Mixed effects modelling is used when observations are not independent of each other (e.g., clustered data, repeated measures). This type of analysis is regularly used in such areas as educational research, when studying the performance of students within schools, and in medical research when investigating the outcomes over time following major trauma.

 

Mixed effects refer to the inclusion of both fixed effects (i.e., the variables that are constant across individuals), and random effects (i.e., account for variability among subjects around the relationships captured by the fixed effects).

 

This course will be discussing the linear mixed effects models, in which the outcome of interest is continuous.
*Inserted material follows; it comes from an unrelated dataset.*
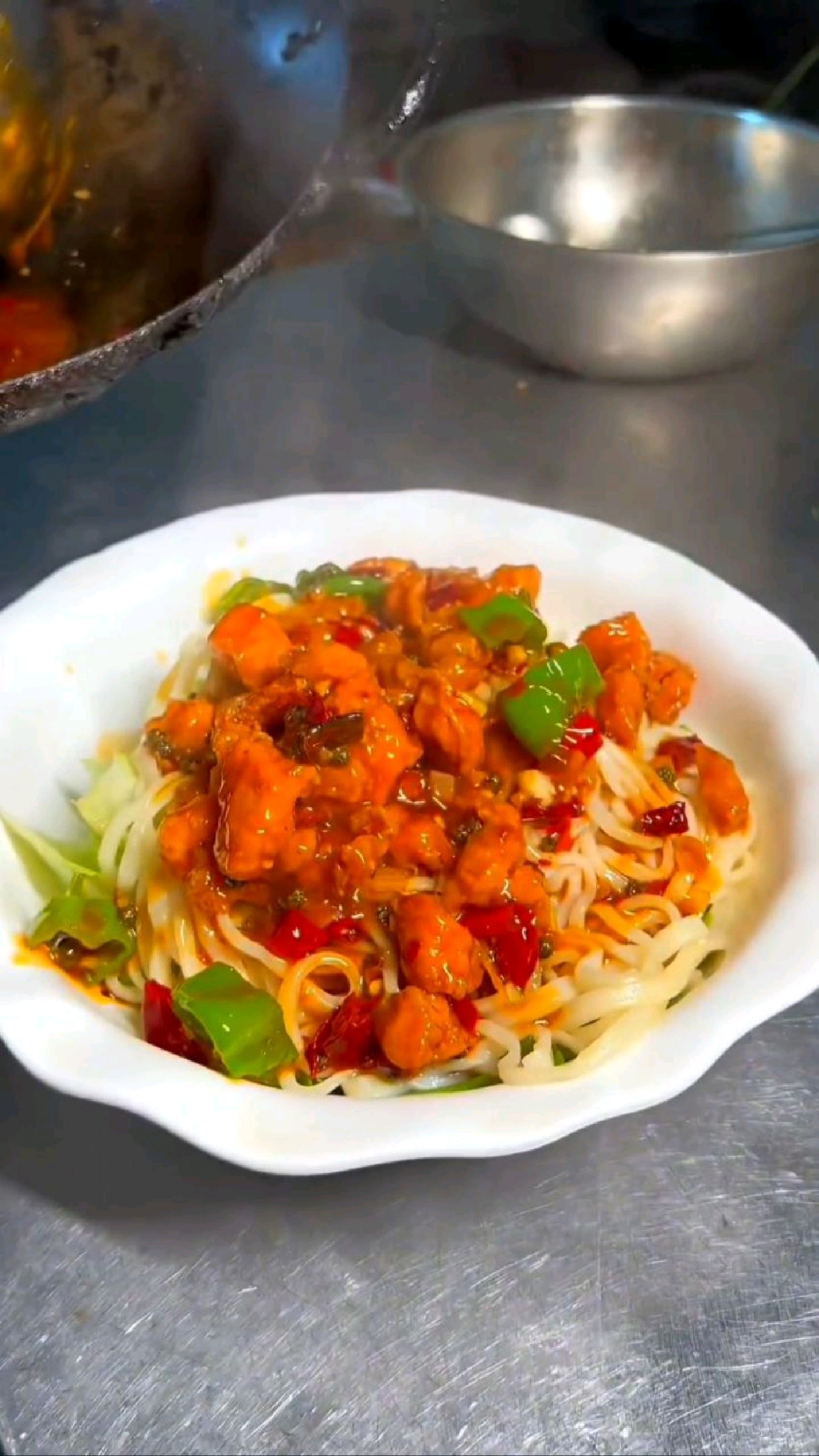 这碗纯手工制作的藤椒鸡捞面看着也太有食欲了吧!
Discussion of some of the uses of mixed effects models in publications will be discussed at the end of the course.

 

Course syllabus: 

This course is broken up into the following sections:

Part I: Introduction to the Mixed Effects Model
Part II: Types of Hierarchical Data
Part III: Defining the Covariance Structures
Part IV: Inclusion of Random Effects
Part V: Reporting Mixed Effects Models
Part VI: Mixed Effects Models in Publications

 

Participants will be given time to do some exercises on their own to practise what they have learned.

 

Exercises and solutions will be provided in RMarkdown format.

Course format: 

This workshop will take place online using Zoom.

You will need your own computer with R and R Studio installed, and an internet connection.

A second screen/monitor is recommended.

Recommended Background: 

This course assumes that participants have:

(1) Sound familiarity with R, RMarkdown and RStudio.

(2) sufficient understanding of statistics to be able to comprehend the material covered in the course outline, such as a basic grounding in multiple regression (e.g., linear, logistic, Poisson)

(3) access to R and RStudio

(4) some experience in using Microsoft Word and Excel or their equivalent

(5) experience using a text editor such as Notepad.

 

Recommended Texts: 

Course notes will be supplied. Please include a shipping address when you enrol. Your notes will be express posted to this address.

 

No specific references are suggested but a number will be supplied with the notes handed out for the course.